Standings Watch: Are the Thunder winning too many games?

Despite a soul-crushing postseason exit this spring and a stunning roster blowup to follow, a lot has gone right for the Thunder in 2019. Having survived the team’s first superstar exits (James Harden and then Kevin Durant) with infamously low return value and limited cap flexibility, the team turned the tables and recouped premium assets in trades sending away Paul George and Russell Westbrook this summer. Not only did they receive The Haul to End All Hauls in draft pick compensation, but the players coming back for salary-matching purposes were actually all very good, and mostly positive assets themselves: Danilo Gallinari, Shai Gilgeous-Alexander, and Chris Paul.

Oklahoma City is playing hard, developing young players, maintaining the trade value of veterans still on the roster, and keeping the home crowd entertained. At 10-12, the team sits in a three-way tie for the seventh seed in the Western Conference. They’ve started as strong out of the gate through their first 22 contests as they did a couple seasons ago, minus the disappointment and frustration that goes along with the expectations that squad (featuring Westbrook, George, and In Theory Carmelo Anthony) had.

It’s been fun. And as there’s no team with a better net rating behind OKC in the standings, they are legitimately doing the proverbial “flirting with the playoffs” thing.

The problem is, an innocent game of postseason footsie might end in disaster.
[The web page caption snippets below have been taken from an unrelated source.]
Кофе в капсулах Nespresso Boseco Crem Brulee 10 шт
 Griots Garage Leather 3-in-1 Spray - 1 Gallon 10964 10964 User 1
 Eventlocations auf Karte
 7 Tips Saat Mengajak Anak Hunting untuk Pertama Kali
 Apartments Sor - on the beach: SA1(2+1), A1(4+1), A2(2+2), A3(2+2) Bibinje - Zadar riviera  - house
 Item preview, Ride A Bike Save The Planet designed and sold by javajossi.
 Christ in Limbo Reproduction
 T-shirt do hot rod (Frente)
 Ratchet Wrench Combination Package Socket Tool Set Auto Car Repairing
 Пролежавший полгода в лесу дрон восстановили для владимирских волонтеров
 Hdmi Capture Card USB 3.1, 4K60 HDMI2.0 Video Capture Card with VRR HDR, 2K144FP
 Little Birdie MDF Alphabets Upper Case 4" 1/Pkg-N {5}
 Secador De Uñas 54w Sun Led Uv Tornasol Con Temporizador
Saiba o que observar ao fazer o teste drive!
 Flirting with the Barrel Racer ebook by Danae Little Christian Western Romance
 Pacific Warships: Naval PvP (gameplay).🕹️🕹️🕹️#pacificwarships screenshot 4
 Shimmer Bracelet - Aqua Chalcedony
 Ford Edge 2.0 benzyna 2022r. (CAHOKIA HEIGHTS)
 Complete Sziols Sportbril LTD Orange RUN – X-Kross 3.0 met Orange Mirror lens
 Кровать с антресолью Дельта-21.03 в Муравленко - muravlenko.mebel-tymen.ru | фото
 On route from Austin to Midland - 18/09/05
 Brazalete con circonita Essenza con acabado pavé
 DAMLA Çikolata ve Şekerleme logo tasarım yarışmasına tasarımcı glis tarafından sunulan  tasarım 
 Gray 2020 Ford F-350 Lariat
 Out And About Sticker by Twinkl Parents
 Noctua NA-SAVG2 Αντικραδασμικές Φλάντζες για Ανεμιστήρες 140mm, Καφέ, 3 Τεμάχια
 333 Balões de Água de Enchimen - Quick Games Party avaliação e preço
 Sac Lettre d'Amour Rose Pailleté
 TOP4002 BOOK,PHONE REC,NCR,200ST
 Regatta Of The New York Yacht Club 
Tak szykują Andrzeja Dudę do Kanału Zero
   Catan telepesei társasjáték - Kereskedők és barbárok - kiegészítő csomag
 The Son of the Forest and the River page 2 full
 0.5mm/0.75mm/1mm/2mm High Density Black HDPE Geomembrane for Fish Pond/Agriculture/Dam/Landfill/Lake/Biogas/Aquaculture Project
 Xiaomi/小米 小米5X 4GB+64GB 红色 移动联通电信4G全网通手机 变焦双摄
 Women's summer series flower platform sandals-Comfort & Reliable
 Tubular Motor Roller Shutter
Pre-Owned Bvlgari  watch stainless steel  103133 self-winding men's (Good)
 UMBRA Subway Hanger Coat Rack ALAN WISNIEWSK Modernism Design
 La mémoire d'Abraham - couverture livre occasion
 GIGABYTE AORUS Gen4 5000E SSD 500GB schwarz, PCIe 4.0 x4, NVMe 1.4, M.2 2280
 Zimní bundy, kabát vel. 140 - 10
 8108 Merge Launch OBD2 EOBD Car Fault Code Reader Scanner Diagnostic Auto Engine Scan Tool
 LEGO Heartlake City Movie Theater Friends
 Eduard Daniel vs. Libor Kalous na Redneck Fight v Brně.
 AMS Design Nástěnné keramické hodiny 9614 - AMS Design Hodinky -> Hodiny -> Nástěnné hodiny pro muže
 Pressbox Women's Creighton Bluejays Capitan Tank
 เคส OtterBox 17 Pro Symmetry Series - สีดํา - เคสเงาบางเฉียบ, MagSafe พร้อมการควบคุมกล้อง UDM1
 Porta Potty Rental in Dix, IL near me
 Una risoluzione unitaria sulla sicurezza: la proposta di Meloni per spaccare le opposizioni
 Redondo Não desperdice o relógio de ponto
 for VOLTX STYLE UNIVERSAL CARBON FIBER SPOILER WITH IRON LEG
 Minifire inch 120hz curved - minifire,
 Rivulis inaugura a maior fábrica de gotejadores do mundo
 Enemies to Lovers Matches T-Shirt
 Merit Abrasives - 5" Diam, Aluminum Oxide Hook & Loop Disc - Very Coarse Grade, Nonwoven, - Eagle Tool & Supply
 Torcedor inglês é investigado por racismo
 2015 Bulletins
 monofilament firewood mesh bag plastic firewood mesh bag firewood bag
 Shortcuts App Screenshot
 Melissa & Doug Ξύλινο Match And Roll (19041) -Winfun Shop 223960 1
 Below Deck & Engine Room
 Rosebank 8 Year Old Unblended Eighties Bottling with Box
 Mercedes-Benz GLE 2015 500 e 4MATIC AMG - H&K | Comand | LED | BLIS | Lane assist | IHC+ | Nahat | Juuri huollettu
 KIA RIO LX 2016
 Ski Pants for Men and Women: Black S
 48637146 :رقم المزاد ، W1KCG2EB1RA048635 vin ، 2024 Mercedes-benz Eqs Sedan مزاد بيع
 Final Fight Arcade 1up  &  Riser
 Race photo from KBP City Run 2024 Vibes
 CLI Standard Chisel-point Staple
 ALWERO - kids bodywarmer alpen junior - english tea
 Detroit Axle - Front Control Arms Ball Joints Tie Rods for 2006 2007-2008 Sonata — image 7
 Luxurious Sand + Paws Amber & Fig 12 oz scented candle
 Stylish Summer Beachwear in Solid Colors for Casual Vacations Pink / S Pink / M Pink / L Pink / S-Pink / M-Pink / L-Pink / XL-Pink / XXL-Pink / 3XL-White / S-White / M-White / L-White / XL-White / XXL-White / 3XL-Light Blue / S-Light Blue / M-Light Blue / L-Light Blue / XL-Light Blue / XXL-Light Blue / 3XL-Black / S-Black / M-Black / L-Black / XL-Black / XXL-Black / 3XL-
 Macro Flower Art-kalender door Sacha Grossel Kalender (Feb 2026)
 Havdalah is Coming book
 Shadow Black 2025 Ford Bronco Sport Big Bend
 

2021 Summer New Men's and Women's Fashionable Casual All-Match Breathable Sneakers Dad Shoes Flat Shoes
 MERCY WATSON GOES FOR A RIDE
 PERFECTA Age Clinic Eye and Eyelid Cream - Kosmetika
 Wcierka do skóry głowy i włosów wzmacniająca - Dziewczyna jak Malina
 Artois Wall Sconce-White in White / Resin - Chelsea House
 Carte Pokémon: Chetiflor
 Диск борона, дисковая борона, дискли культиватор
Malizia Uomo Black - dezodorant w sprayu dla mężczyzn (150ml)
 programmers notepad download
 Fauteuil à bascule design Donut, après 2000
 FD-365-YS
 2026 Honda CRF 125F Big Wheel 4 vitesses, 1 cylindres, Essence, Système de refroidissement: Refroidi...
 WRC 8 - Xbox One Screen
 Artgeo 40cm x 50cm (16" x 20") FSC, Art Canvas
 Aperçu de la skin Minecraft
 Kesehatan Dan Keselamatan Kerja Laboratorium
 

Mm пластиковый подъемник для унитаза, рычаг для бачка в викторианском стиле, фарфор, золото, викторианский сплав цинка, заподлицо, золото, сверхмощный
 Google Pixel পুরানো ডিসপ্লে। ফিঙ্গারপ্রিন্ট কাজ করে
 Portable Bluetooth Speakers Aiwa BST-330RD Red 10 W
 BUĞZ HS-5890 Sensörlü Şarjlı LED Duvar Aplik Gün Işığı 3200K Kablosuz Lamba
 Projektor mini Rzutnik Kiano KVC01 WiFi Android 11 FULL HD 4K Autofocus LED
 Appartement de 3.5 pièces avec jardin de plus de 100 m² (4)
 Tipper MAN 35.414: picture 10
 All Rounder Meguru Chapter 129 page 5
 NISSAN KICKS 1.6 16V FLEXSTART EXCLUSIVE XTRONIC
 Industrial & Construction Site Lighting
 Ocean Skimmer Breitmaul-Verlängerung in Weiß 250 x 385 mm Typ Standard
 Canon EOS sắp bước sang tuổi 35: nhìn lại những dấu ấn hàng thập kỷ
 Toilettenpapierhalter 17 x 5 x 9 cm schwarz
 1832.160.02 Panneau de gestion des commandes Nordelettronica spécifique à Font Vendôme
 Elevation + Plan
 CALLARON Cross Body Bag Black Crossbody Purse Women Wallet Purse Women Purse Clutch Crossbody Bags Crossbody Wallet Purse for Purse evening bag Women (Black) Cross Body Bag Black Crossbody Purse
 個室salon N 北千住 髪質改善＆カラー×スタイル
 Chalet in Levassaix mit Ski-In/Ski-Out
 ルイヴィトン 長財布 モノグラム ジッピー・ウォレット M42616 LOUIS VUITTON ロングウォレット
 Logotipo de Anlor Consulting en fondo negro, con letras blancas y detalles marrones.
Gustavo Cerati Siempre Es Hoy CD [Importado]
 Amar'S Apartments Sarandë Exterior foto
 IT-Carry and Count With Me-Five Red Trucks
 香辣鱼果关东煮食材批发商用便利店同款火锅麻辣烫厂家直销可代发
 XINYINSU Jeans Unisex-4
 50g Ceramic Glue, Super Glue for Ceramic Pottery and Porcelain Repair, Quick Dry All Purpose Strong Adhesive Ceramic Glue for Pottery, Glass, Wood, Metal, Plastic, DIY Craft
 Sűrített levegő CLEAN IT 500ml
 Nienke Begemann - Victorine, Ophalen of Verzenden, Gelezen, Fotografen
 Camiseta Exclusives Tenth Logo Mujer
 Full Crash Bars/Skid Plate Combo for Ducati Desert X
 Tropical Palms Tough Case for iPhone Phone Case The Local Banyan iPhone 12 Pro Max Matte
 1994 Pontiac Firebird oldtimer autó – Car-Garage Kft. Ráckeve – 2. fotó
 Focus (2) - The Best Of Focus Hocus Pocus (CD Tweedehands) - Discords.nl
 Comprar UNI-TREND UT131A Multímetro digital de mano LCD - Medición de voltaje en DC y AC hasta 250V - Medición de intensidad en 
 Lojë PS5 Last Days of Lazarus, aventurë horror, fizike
The conundrum: wins or odds?

via Thunder

The rebuild is upon us, by whatever name you want to call it. Another team in the Thunder’s spot in the standings would be scouring the trade and eventual buyout market for improvements to shore up their performance and lock up a playoff berth. But Sam Presti has made it clear that he won’t be giving up any future flexibility or assets in order to improve the “short-term” results. So they’re not going to get better, especially if oft-injured players like Gallinari or Paul miss extended time.

But jokes about Abdel Nader starting the last couple games aside, the Thunder clearly aren’t following any directives to limit their winning odds from the top, and have even leaned more on their veterans as the season has progressed. Paul played 39 minutes in the Thunder’s overtime win over the Sixers on November 15. Before that game, he’d averaged 29.5 minutes played per game. Since, he’s been at 32.5. Even if he’s not long for Oklahoma City, Paul doesn’t want to sit, and he definitely doesn’t want to lose. He hasn’t been load managed at all, and Steven Adams has even been playing through an injured knee.

A game here or there, or a little less time on the bench, can alter the win/loss column and as a result, the team’s future. Just as every point, every second, is precious in an NBA game, so is every ping pong ball in the rebuilding game.

The team’s amazing comeback against the Wolves the other night is emblematic of this conundrum. Would you rather watch veteran savvy and skill, in the form of a full-court Hail Mary and rules exploitation, flip a likely loss into an eventual win over the course of 1.1 seconds of game clock, or would you prefer to see younger players give up that kind of game as part of their growing pains?

It’s an easy choice as a viewer (more classic finishes, please), but the latter option is almost assuredly better for the Thunder of tomorrow: more missed Terrance Ferguson threes while the game slips away are just what the doctor ordered.

Eye on the prize

If you don’t think winning fewer games this season would be worth it, have I got some bad news for you: the team is unlikely to get better next season. Remember Presti’s explicit signaling of the rebuild, which is something we know he will be disciplined about. So unless rival executives are just willing to give the Thunder younger, better players than they already have for free, OKC won’t be making eyes at the eighth seed much longer.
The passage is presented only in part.